HOW TO COMPLETE THIS TASK | Every line below from the one containing "林内（Rinnai）13升燃气热水器【家电国家补贴15%】 澎湃大水量 百年定制" through the one containing "インフォニック株式会社" is to be printed exactly, with the pictures omitted.

EXERCISE INPUT |
"""

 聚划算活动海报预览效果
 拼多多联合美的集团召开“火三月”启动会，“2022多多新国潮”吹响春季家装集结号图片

"""
"""

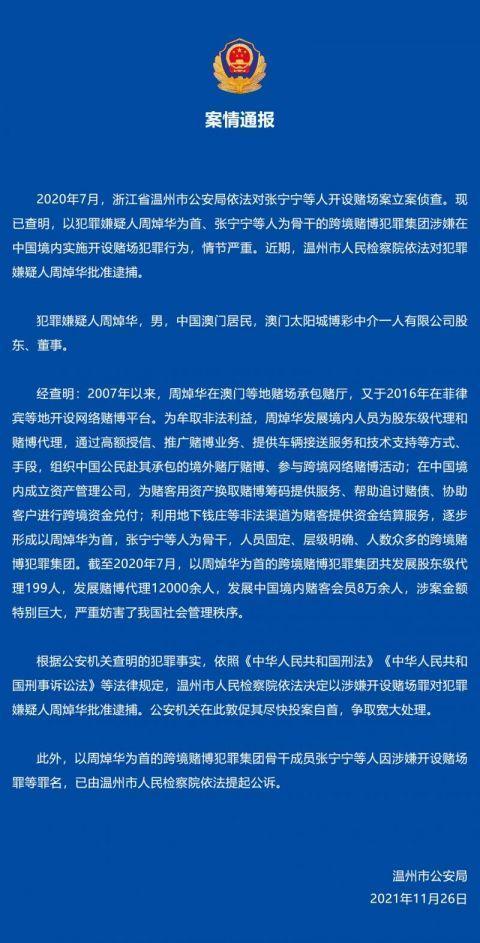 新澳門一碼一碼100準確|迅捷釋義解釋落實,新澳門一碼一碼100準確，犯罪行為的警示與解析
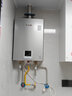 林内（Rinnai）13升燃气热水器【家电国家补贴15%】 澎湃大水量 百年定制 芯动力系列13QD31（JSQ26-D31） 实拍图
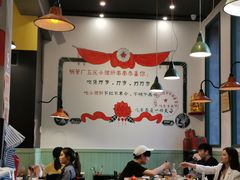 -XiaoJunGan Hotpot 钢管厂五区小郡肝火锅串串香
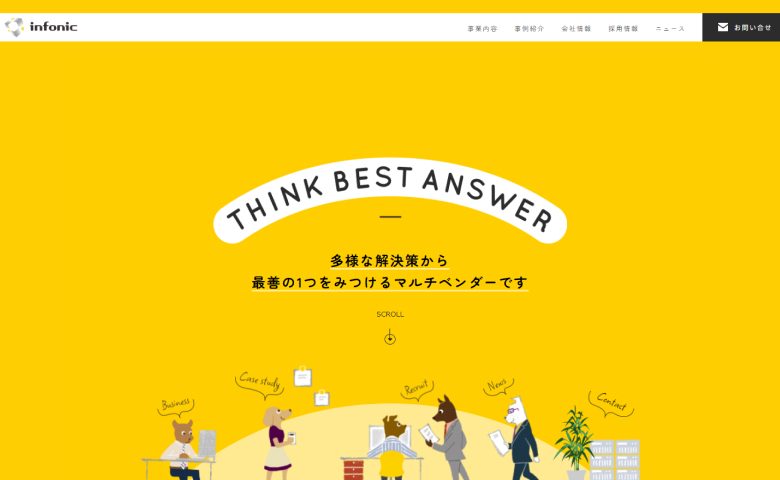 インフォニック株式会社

"""
"""

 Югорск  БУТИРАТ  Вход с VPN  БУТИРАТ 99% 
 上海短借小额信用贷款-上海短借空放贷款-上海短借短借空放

"""

YOUR SOLUTION |
 林内（Rinnai）13升燃气热水器【家电国家补贴15%】 澎湃大水量 百年定制 芯动力系列13QD31（JSQ26-D31） 实拍图
 -XiaoJunGan Hotpot 钢管厂五区小郡肝火锅串串香
 インフォニック株式会社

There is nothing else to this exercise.